The scraper uses the Two-Phase Collection pattern:
- Phase 1: Scroll the entire ranking list, extracting basic info from each card (never entering detail pages, so scroll position is preserved)
- Phase 2: For each streamer, navigate from the top to their card, enter their detail page, extract bio/social links, and return
# Install dependencies
pip install uiautomator2 pytesseract Pillow
brew install tesseract # macOS (for OCR fallback)
# Connect your Android device
adb devices
# Run the livestream ranking scraper
cd examples/livestream-ranking
python crawler.py- Read the Methodology Guide (15 min)
- Read the AI-Assisted Workflow (10 min)
- Install weditor to analyze your target app:
pip install weditor python -m weditor
- Open your target app on the device, analyze the UI structure in weditor
- Start building with AI assistance — paste screenshots and element attributes into Claude/ChatGPT and iterate
| Tool | Role |
|---|---|
| uiautomator2 | Android UI automation (no Appium server needed) |
| Tesseract OCR | Fallback text extraction from screenshots |
| weditor | Visual UI element inspector |
| Python 3.8+ | Everything glued together |
Why uiautomator2 over Appium? No server process, pure Python, lighter dependencies, better for scripting. When you're iterating quickly with AI assistance, the last thing you want is an Appium server crashing between runs.
The best way to contribute is to add a new example from an app you've scraped:
examples/
├── livestream-ranking/ # Existing: Japanese livestream app
├── your-example/ # Your contribution
│ ├── README.md # What you scraped and how
│ ├── crawler.py # The scraper
│ ├── config.py # Configuration
│ └── output/ # Sample output
Guidelines:
- De-identify the app if possible — focus on the technique, not the target
- Document the challenges — what made this app hard to scrape?

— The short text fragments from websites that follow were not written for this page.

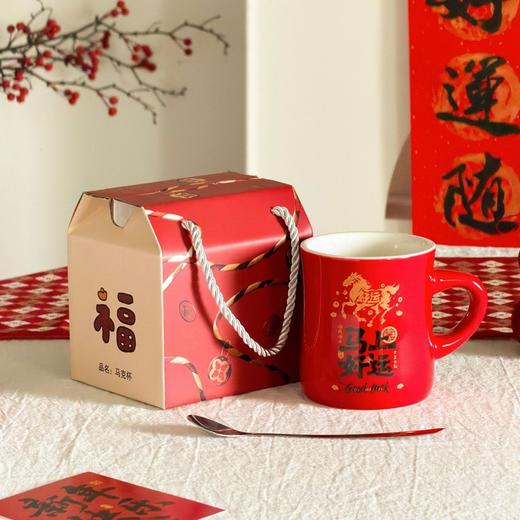 【马年系列收腰杯】马年创意陶瓷杯网红新年高颜值杯子马克杯伴手礼水杯 商品图5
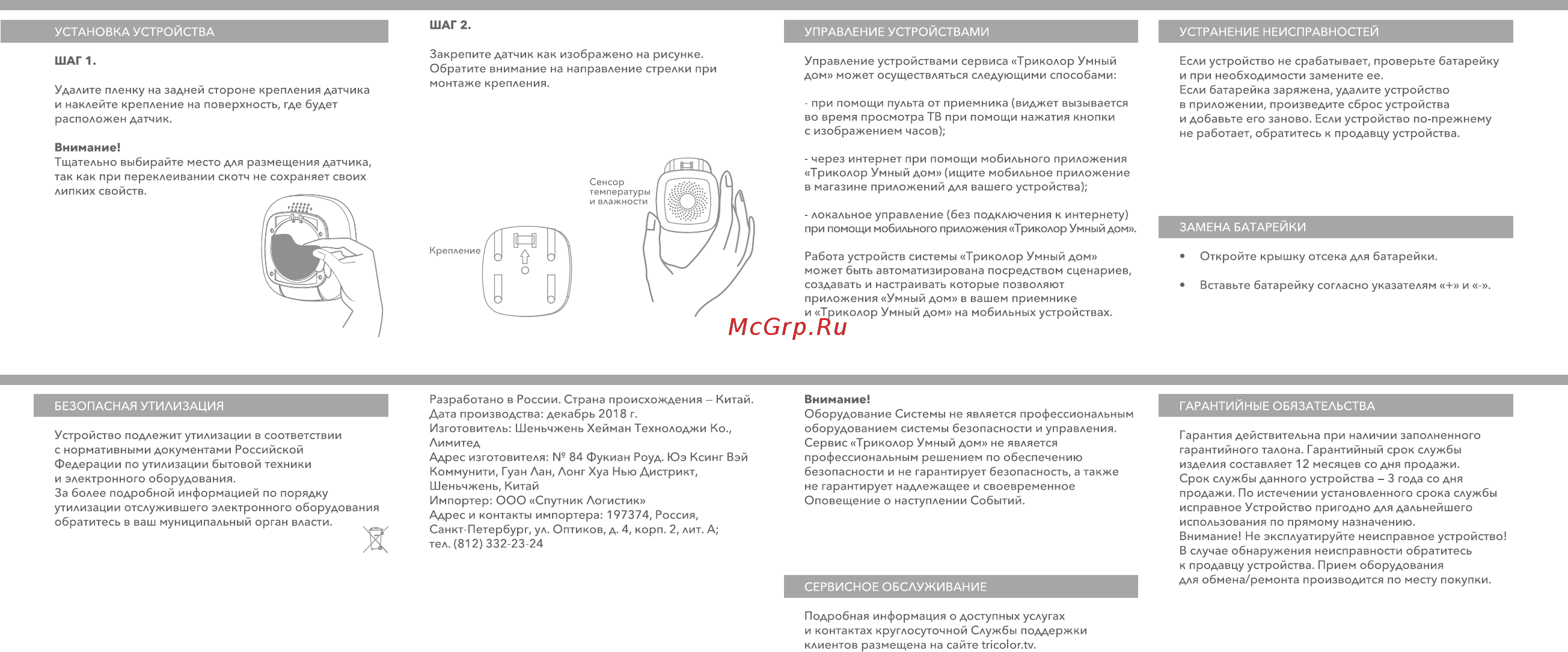 GS STHM-I1H Руководство пользователя онлайн [2/2] 536395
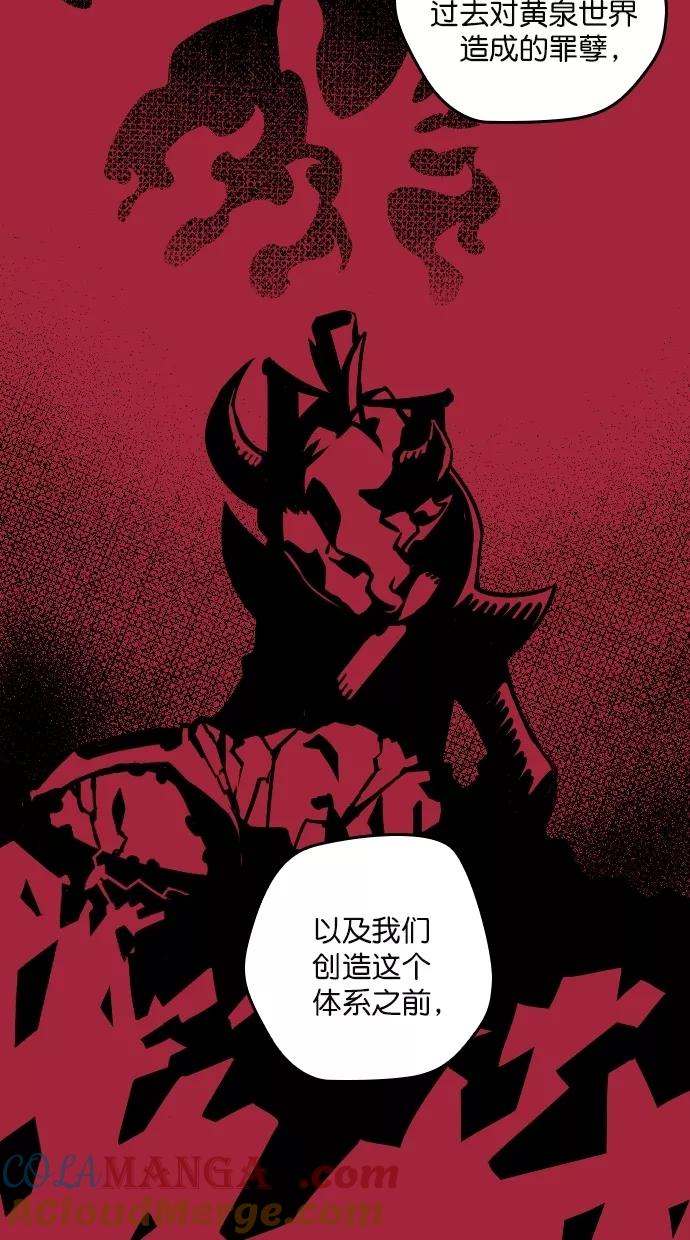《重生高中》第83话 第25页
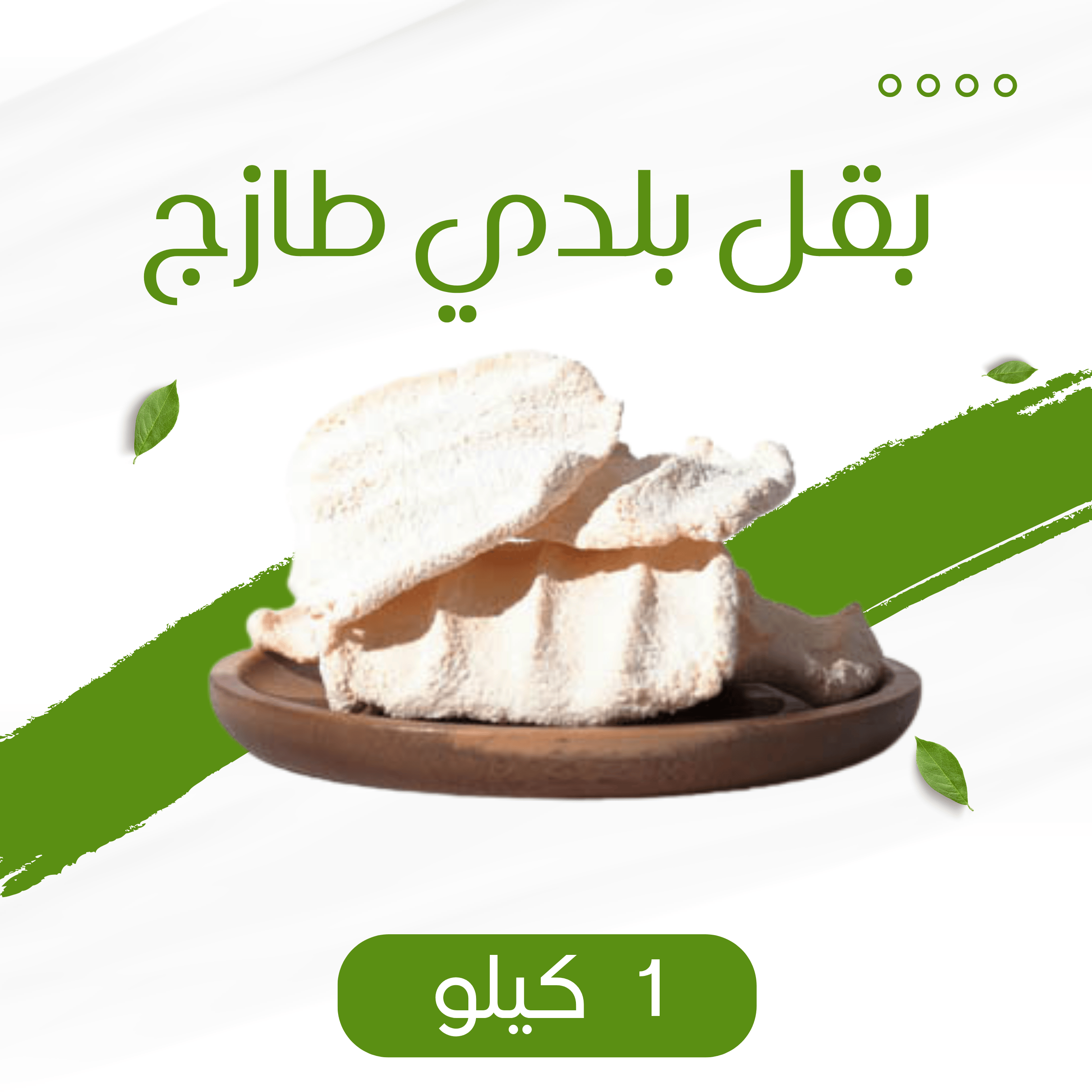 1 كيلو بقل ( إقط - مضير ) بلدي طازج- منتج سعودي 100%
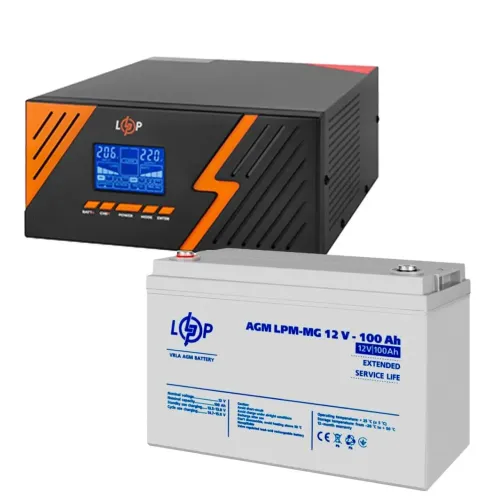 Комплект резервного питания LogicPower ИБП 1050W + мультигелевая батарея 1200Wh(37075) Комплект резервного питания LogicPower ИБП 1050W + мультигелевая батарея 1200Wh(37075)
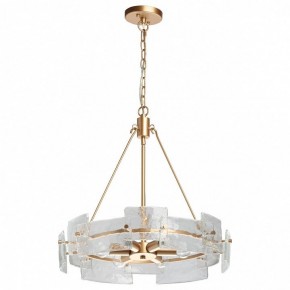 Подвесная люстра MW-Light Илоника 4 451011506 в Нижневартовске - nizhnevartovsk.mebel24.online | фото 2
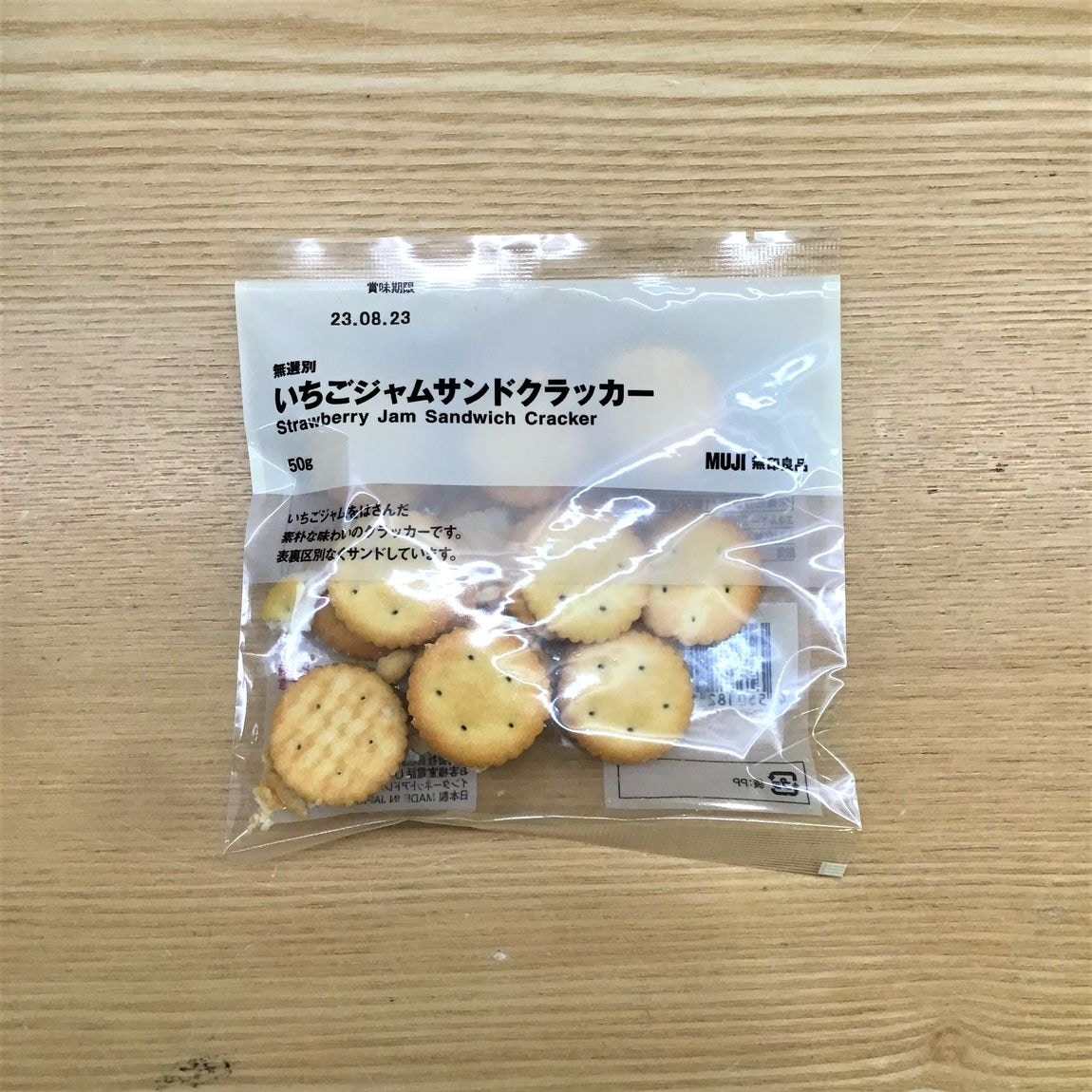 いちごジャムクラッカー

- Document the patterns used — which patterns from
docs/common-patterns.mddid you use? - Include a small sample output so readers can see what gets extracted
Found a new pattern? A better approach to a known problem? PRs to docs/ are welcome.
Use it when:
- The app has no API, or the API is locked behind auth you can't replicate
- SSL Pinning / certificate transparency blocks proxy tools
- The app is mobile-only with no web version
- You need data that's visible on screen but inaccessible through any programmatic interface
Don't use it when:
- There's a public API (use it!)
- The data is available on a website (use traditional web scraping)
- You need real-time streaming data (UI automation is inherently slow)
- You need to scrape at high frequency (this is minutes-per-run, not milliseconds)
Q: Is this legal? A: This project automates reading publicly visible information from a device you own, similar to how a screen reader works. However, always check your target app's Terms of Service and your local laws. This tool is intended for research, personal use, and authorized data collection.
Q: Does this work on iOS? A: The current implementation is Android-only (via uiautomator2 + ADB). iOS UI automation requires XCTest/WebDriverAgent, which is a different stack. The methodology applies equally — contributions for iOS tooling are welcome.
Q: How fast is it? A: Depends on the app and what you're extracting. The livestream example scrapes ~100 profiles with full detail in about 2-3 hours. Phase 1 (list only) takes ~10 minutes. This is not meant for speed — it's meant for getting data that's otherwise impossible to get.
Q: What if the app updates its UI? A: The extraction logic will likely break. That's the trade-off. The methodology is designed to make rebuilding fast — especially with AI assistance, you can adapt to a new UI in under an hour.
MIT
When all else fails, there's still the screen.